Одну женщину я видел, как били за то, что она влезла в чужую очередь. С нее стаскивали клеенку, платок, пальто, кофту. Она даже не оглядывалась. И только, когда кто-то коленом дал ей в зад, она быстро подскочила к тому и впилась зубами в его руку. Тот закричал. Тогда вся толпа ринулась к женщине и начала ее нещадно бить.

Хлеба мы достали по 3 кило. Темный, кисловатый. Но и это счастье.

Картина, достойная Данте. Если бы он все это видел, его знаменитый труд обогатился бы еще одной славной главой.

А между тем, несколько часов внимания со стороны местных бюрократов, и вся эта мрачная картина растаяла бы, как дым в ветреную погоду.

***

Бегаем в эвакопункт. Это тоже мрачная глава из моей жизни. Бесконечная нить унижения человека, оплевывание мозга, сердца. Нас не прописывают. Мои хлопоты пока ничего не дали. Справки Союза о том, что я Репин и Стасов вместе взятые, не дали никаких результатов. Со мною разговаривают, как с мелким рецидивистом. Мы вынуждены жить без прописки в общежитии Союза художников, где ютятся беспризорные художники. Ходим по обжоркам, рынкам и барахолкам. Собираемся в Самарканд, куда нас зовут. Обещают уют, внимание, любовь и работу. Надо уехать из Ташкента.

В Ташкенте масса беженцев. Свыше полмиллиона. На вокзале много тифозников. Горсовет старается избавиться от каждого лишнего человека — и срывает злобу на художниках.

***

Местный Союз художников представляет в уменьшенном виде МОССХ. Те же дрязги, интриги. Зависть и подхалимы.

На нас, приезжих, глядят, как на конкурентов, прибывших с одной целью — захватить пирог и в два рта съесть его.

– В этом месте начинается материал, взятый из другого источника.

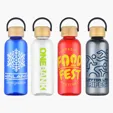 Sanzio 21 oz RPET Bottle with Bamboo Lid
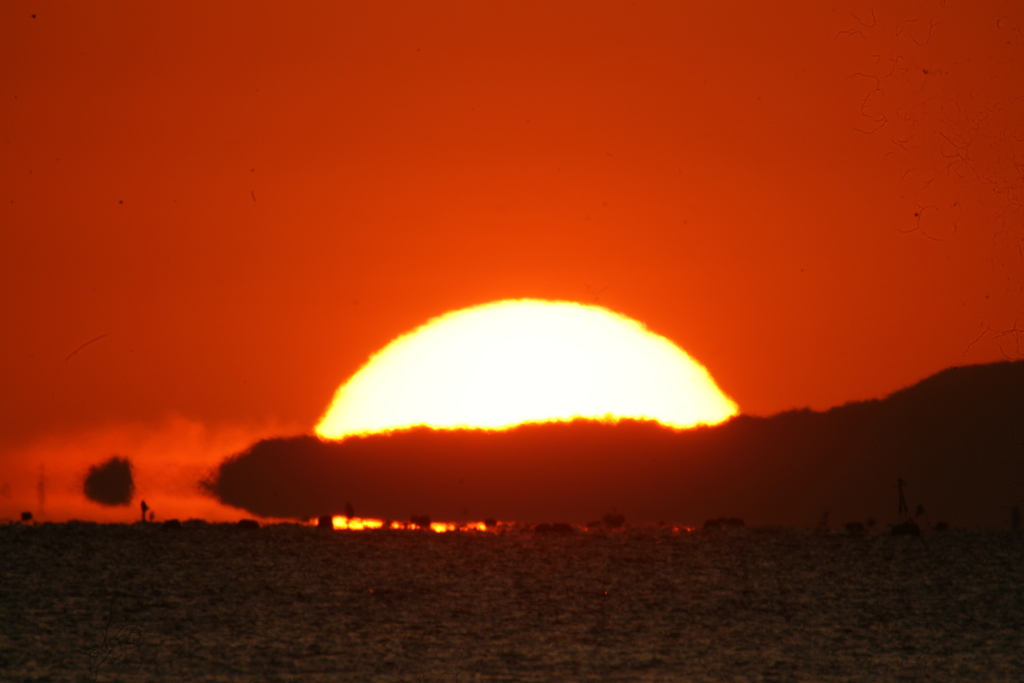 今日の林崎海岸の夕景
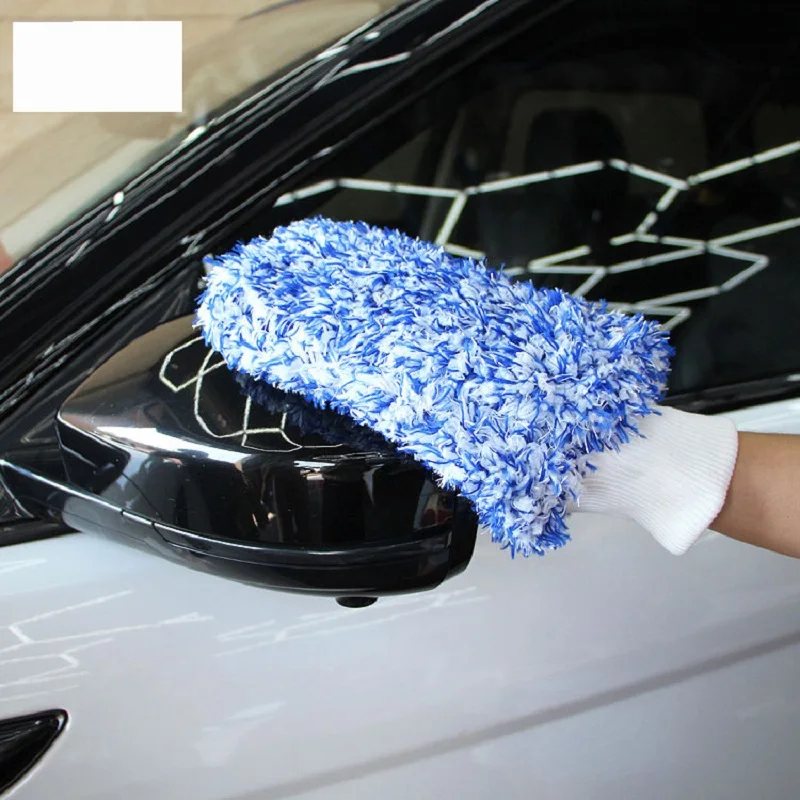

Мягкие впитывающие перчатки высокой плотности для очистки автомобиля, ультрамягкие легко сухие перчатки из микрофибры для мытья автомобиля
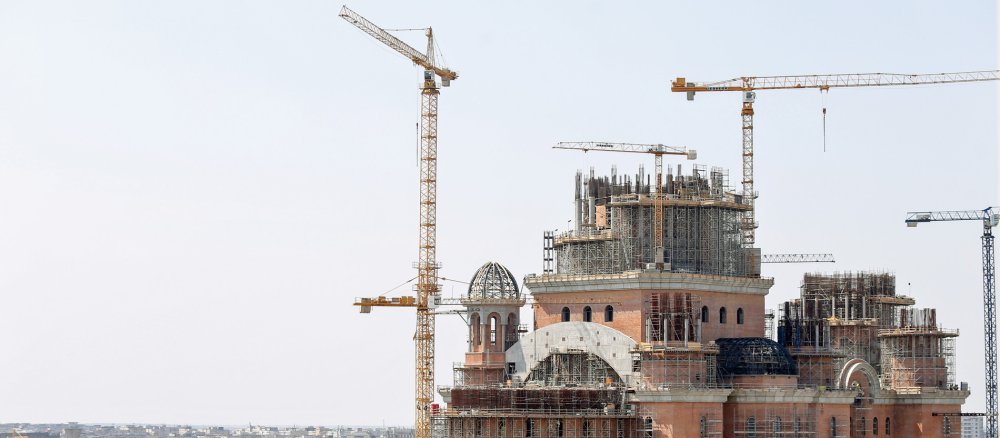Die Kathedrale der Erlösung des Volkes in Bukarest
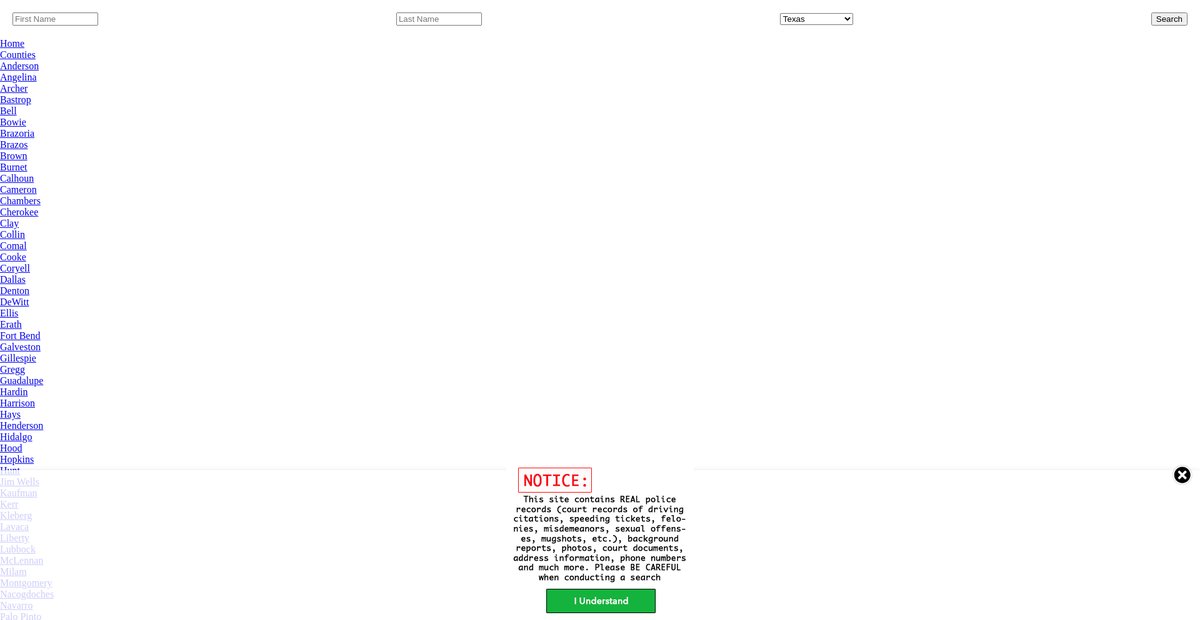 Preview of texas.arrests.org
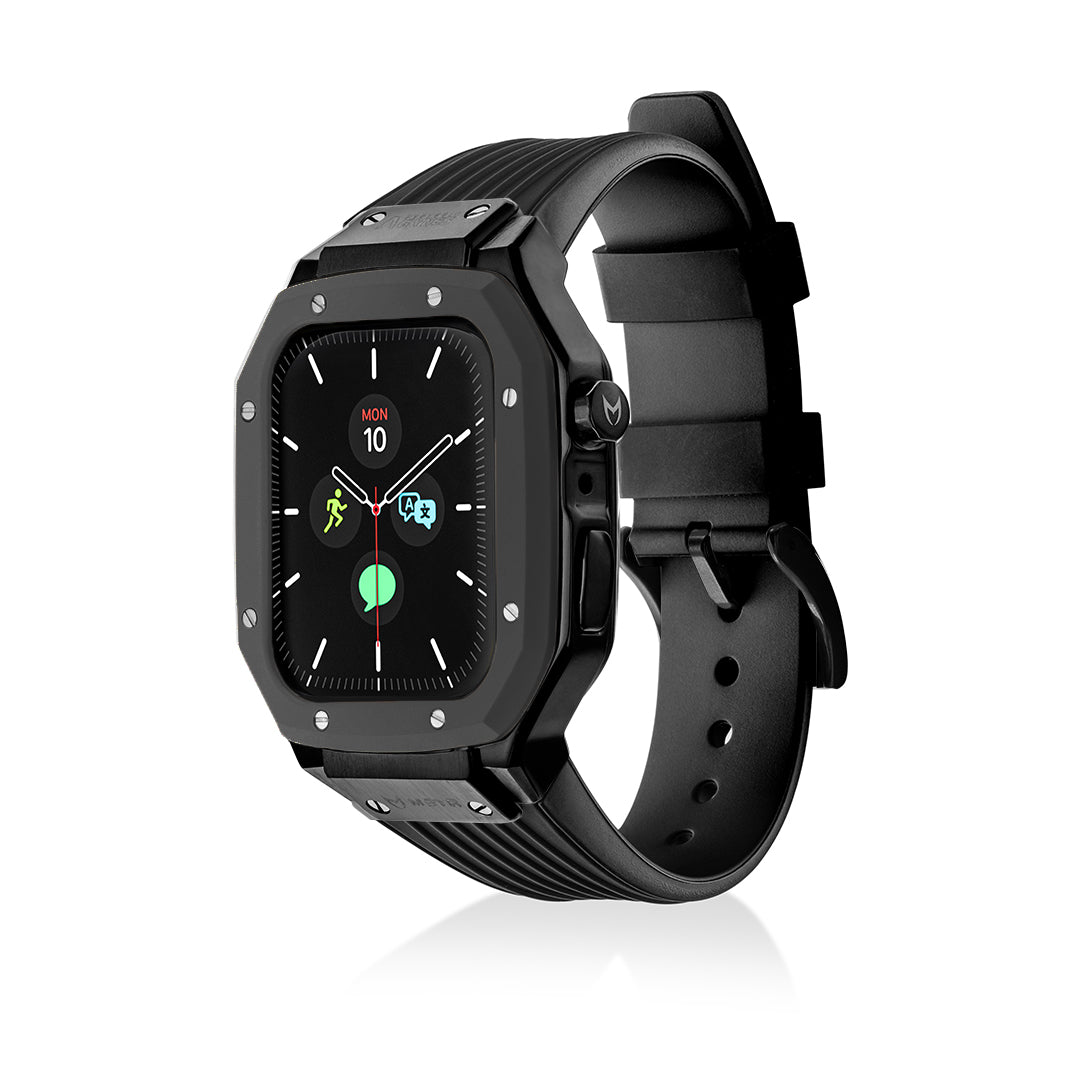 AG Trainer: Black Apple Watch Case & Band 44mm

Правление внешне принимает нас как приятных гостей. Внутренне они нас ощущают как нахлебников.

Сегодня в местной газете «Правда» перепечатана статья из центральной «Правды» о хорошем отношении к эвакуированным. Статья звучит убедительно.

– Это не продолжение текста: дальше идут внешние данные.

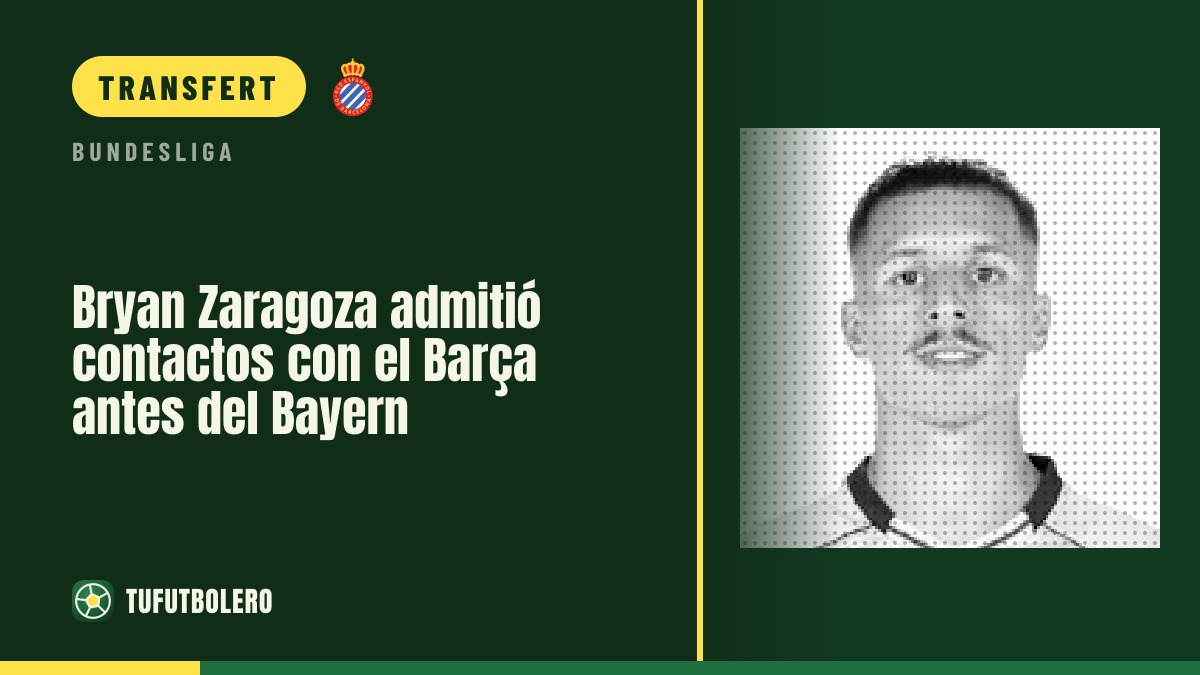 Bryan Zaragoza avoue des contacts avec le Barça avant le Bayern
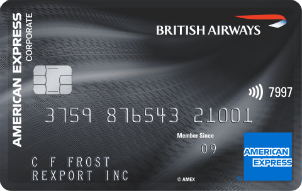 British Airways American Express Corporate Card Plus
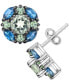ფოტო #1 პროდუქტის Multi-Gemstone Cluster Stud Earrings (3-1/3 ct. t.w.) in Sterling Silver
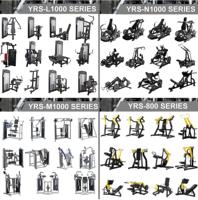 Machine de musculation professionnelle à prix d'usine, presse déclinante isolatérale, équipement de salle de sport, machine à charge par broche pour le dos et les épaules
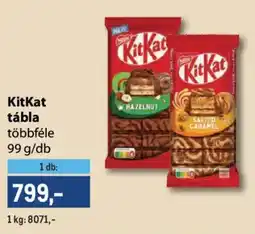 Metro KitKat tábla ajánlat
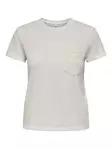 Only women's t-shirt cloud dancer/diny pocket - Women's T-shirts - 138614 - 3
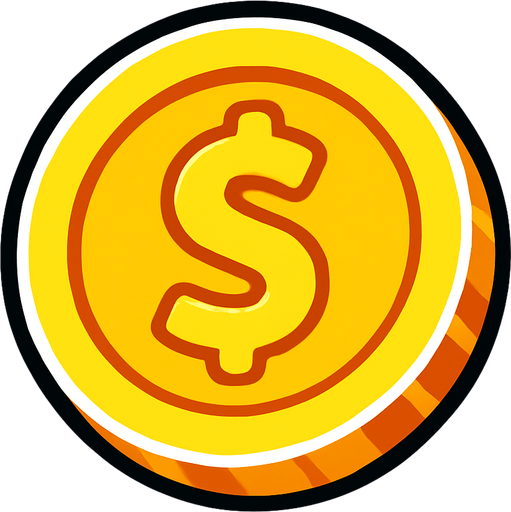 Coin.
In-Game asset.  2d.  High contrast.  No shadows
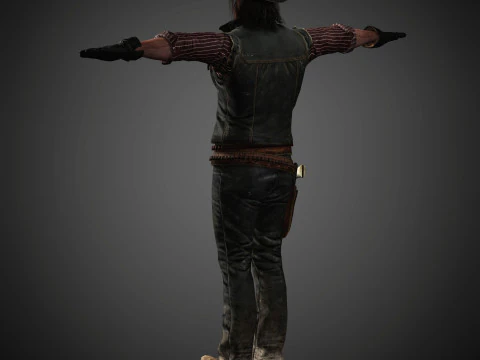 John Marston Character 3D Model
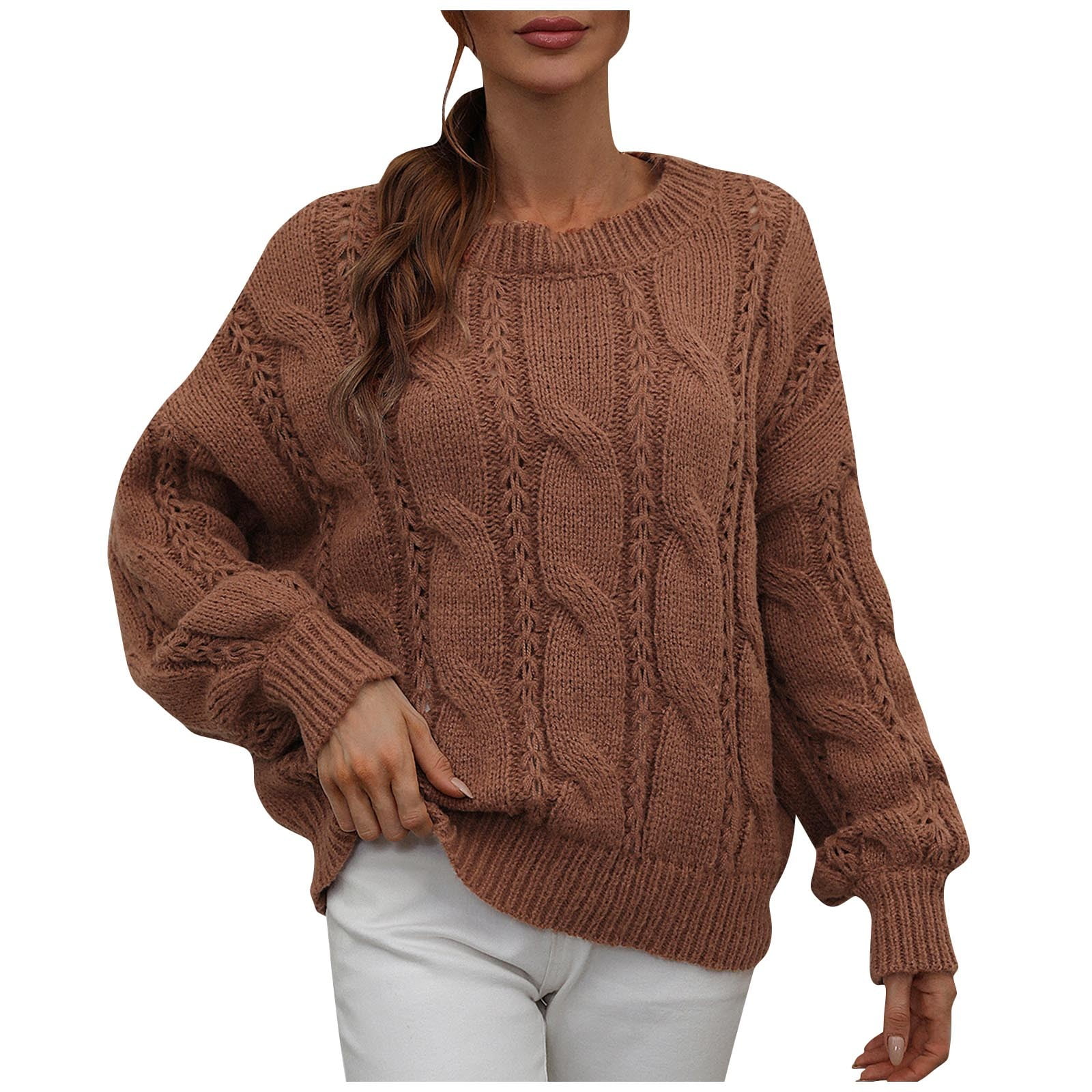 Womens Sweater Knit Fall Winter Fashion Lightweight Long Sleeve Cozy Pullover  Sweaters Tops (Beige, S) at  Women's Clothing store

О нас (особенно, о представителях искусства) мало заботятся. Дурус[2] поселил ребенка в сыром подвале и сам спит уже месяц в сыром подвале. Его жена заболела острым ревматизмом. Там, в цементной яме спят Файнзильберг,[3] Якурзон, Дурус и другие. Им только недавно дали хлебные карточки.

Необычайный бюрократизм и халатное, бездушное отношение к людям — постоянный отзыв людей, бывающих в учреждениях.

 

13 дек.

Сегодня ночью была облава. В 3ч. ночи постучали в окно. Милиция. Два милиционера и узбек какой-то. Хозяин впустил. Они уже знали все обо мне. И мне ничего не оставалось, как соглашаться со всем тем, что соседи им передали. Держались грубо. Забрали документы и предложили сходить во 2-ое отделение. Там в отвратной форме начальник 2-ого отделения учинил мне допрос. Я ему в мягкой, почти заискивающей форме рассказал о себе, о больной Полине. Начальник выслушал. Глаза были подобны двум кусочкам льда.

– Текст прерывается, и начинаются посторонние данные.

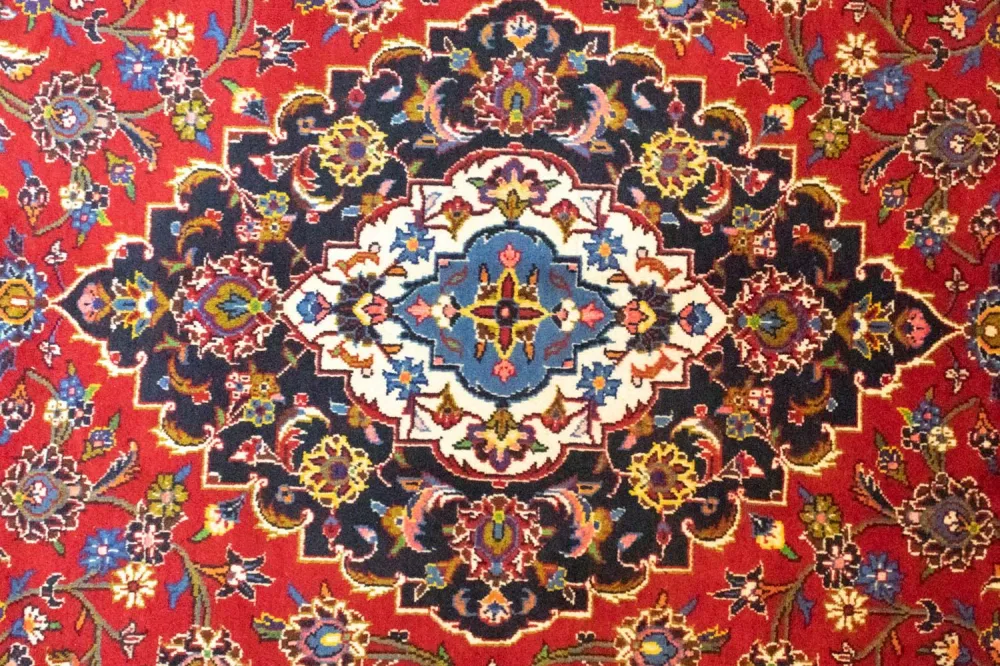 Persisk teppe - Keshan - 344 x 246 cm - rød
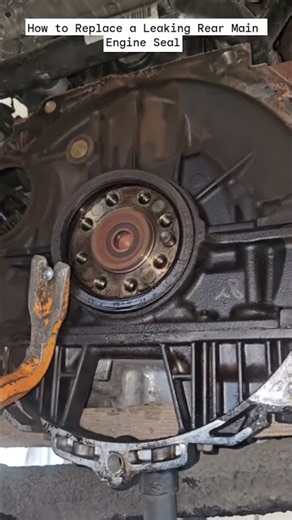 How to Replace a Leaking Rear Main Engine Seal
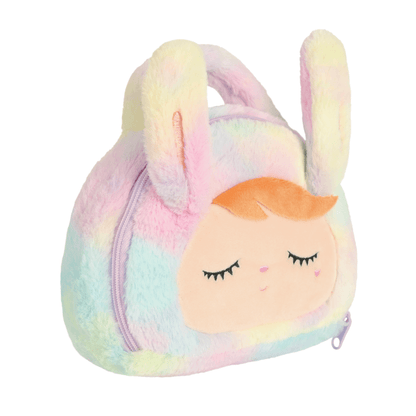 Bolsa Plush Coelha Arco-íris Alça de Mão - Metoo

— Итак. Ваша национальность?

— Еврей! Зачем это Вам?

— Распоряжение Союза, что Вам следует выехать из Ташкента в 24 часа.

И это в кабинете, где висели портреты Маркса и Ленина! Кто он — вредитель, антисоветский чиновник или просто мерзавец? На 25-ом году нашей власти! Получил документы и расписался, что в 24 часа должен покинуть этот лучезарный и гостеприимный город. Возвращаясь, думал о том, насколько все это напоминает мне дореволюционное время. Я в Москве блуждаю по знакомым и прячусь как еврей в блатных квартирах. Точь-в-точь. Но я решил не сдаваться. И завтра начну хлопотать с утроенной силой.

***

Самая большая проблема – это хлеб. Его трудно достать. Приходится придумывать всевозможные комбинации.

В Союзе писателей есть столовая. В столовой — буфетчик. Рыжий, толстый. Я ему подарил кусок мыла, нужный ему до зарезу. Он был счастлив:

— Приходите по вечерам, и я буду давать вам все, что можно.

И я хожу по вечерам и получаю хлеб с колбасой. Иногда, очень редко, конфеты. От него возвращаясь, я подобен летящей Нике — я не хожу, а лечу.

***

Приехали Шемякин[4] и И[НРЗБ]. Они уже навьючили на себя тяжелые мешки с заботами о жилье, хлебе, прописке. Лица у всех покрыты желтизной. Движения вялы. При виде ташкентских очередей их лихорадит.

***

Среди местных художников следует выделить Волкова[5] и Рейха.[6]

Татевосян[7] при ближайшем знакомстве разочаровывает. В нем живут два человека. Один для себя и очень близких, другой для — не очень близких.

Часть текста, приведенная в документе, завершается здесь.